QPIC posts net profit of KD 3.66 mln for 9 months Kuwait petrochem co earnings per share 3.36 fils

KUWAIT CITY, Jan 30: Qurain Petrochemical Industries Company (QPIC) posted net profit of KD 3,664,151 for the nine months ended Dec 31, 2012. This is compared to a loss of KD 88,527 made during the same period last year, representing an increase by KD 3,752,678. Earnings per share (EPS) for the said period stood at 3.36 fils compared to an EPS of (0.08) fils per share at the end of December 2011. Total assets stood at KD 245.66 million as at Dec 31, 2012 compared to KD 256.09 million on March 31, 2012, a decrease of 4% or KD 10.43 million. This is attributed to dividend payout to shareholders for 2012.

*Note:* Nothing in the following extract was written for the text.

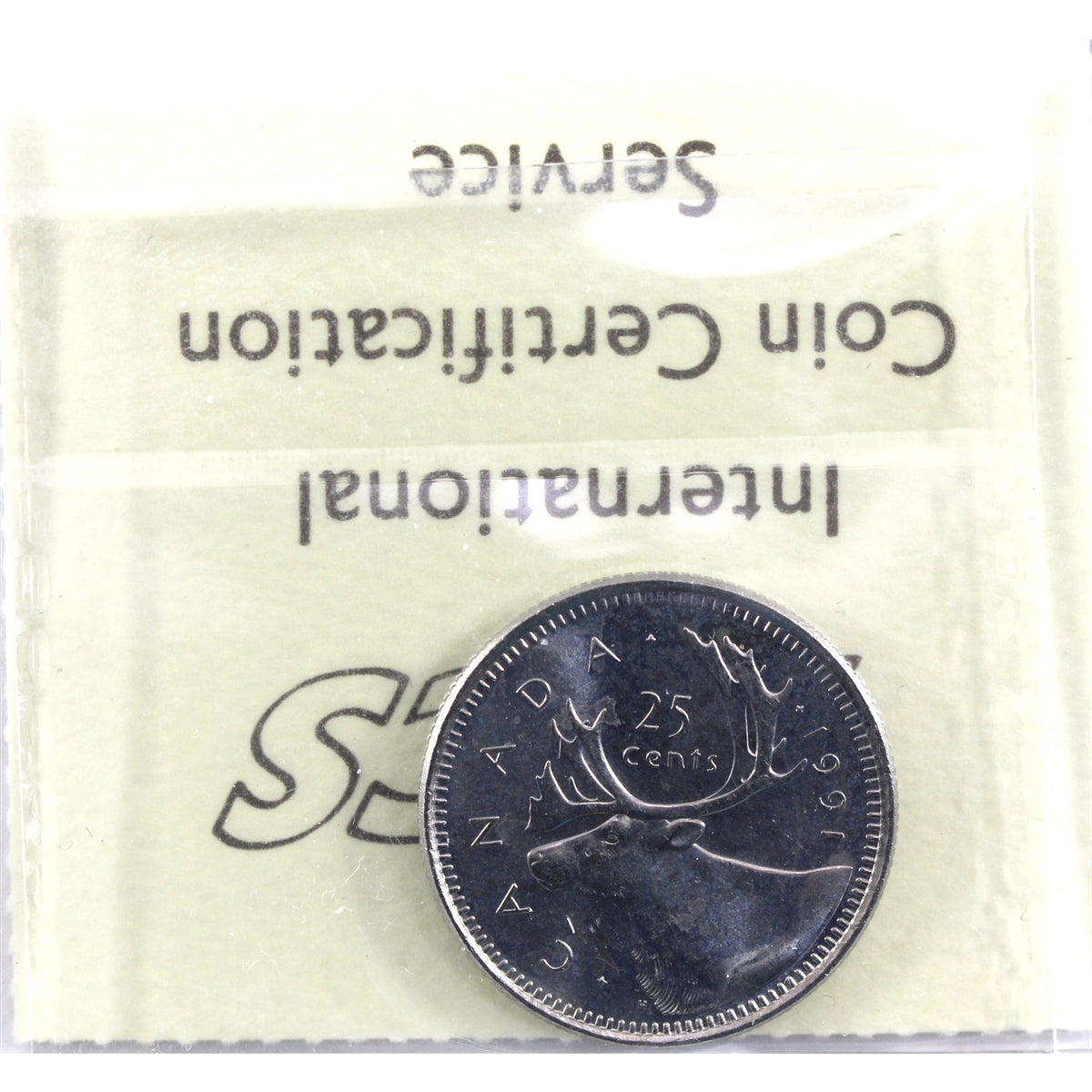 1991 Canada 25-cents ICCS Certified MS66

Commenting on the results, Sheikh Mubarak Abdullah Al Mubarak Al Sabah, QPIC’s Chairman, said that the Board of Directors approved the company’s financial statements for the third quarter of the financial year 2012/2013, adding that the profits exceeded expectations:

“The two major factors contributed to achieving better than expected results; the capital gains realized from Equate’s share buyback and QPIC’s share of income in Kuwait Aromatics Company (KARO). The capital gains from Equate amounted to KD 1.75 million, whereby KARO contributed for the rest owing to its share of its investment in The Kuwait Styrene Company (TKSC).”

On KARO’s Paraxylene project, Sheikh Mubarak added:
“QPIC is exploring ways to improve the project’s profitability along with KARO’s management and project partners; Petrochemical Industries Company and Kuwait National Petroleum Company. QPIC is waiting for Kuwait Petroleum Corporation’s action to take suitable measures to resolve pending issues in order to prevent the project from faltering.”

As for QPIC’s future plans, he said:
“QPIC is actively seeking new partnerships with well reputed entities and major financial consulting agencies to select viable and reliable investments across the GCC and the Middle East region, in collaboration with leading global investment banks and consultants.”